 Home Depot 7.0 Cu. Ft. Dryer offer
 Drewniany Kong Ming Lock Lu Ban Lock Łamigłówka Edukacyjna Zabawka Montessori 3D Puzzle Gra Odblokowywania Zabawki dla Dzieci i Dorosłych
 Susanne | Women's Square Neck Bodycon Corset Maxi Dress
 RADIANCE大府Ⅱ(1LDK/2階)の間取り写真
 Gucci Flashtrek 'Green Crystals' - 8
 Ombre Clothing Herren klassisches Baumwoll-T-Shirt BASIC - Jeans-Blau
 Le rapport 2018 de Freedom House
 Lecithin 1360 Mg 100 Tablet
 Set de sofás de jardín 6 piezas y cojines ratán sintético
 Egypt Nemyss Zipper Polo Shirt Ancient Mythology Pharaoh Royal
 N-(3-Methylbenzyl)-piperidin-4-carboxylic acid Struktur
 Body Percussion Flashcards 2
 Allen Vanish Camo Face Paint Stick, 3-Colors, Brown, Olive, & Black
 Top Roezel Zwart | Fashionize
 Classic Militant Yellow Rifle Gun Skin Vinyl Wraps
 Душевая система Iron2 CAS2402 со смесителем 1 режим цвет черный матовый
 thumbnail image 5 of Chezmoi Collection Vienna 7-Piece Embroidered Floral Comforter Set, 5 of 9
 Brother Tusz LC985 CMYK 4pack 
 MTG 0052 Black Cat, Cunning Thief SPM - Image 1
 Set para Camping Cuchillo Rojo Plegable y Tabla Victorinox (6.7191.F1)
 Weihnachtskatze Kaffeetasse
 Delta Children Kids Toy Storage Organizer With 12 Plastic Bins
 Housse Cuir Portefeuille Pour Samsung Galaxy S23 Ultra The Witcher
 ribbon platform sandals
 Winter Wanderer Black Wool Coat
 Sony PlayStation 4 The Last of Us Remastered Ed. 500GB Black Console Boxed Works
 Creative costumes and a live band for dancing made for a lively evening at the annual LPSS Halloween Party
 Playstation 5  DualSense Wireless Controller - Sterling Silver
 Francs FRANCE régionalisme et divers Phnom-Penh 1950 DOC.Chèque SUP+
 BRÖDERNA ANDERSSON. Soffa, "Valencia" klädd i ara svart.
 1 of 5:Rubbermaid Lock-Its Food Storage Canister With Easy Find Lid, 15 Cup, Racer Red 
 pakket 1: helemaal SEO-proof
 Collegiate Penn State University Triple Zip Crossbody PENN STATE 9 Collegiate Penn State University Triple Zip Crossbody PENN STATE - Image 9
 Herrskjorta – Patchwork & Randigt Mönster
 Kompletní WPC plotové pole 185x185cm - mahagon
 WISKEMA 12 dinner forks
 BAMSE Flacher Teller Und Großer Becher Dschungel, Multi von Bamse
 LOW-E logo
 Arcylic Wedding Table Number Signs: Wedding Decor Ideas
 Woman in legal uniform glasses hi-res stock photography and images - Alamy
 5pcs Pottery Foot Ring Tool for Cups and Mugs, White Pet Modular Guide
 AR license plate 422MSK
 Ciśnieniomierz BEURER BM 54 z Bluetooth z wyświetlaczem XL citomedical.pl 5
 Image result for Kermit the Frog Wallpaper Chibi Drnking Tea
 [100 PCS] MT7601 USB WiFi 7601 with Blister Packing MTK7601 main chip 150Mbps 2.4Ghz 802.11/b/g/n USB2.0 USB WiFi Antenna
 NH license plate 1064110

**Task brief**
Look through the entries above; copy every line holding the string "plate".

**Result**
 AR license plate 422MSK
 NH license plate 1064110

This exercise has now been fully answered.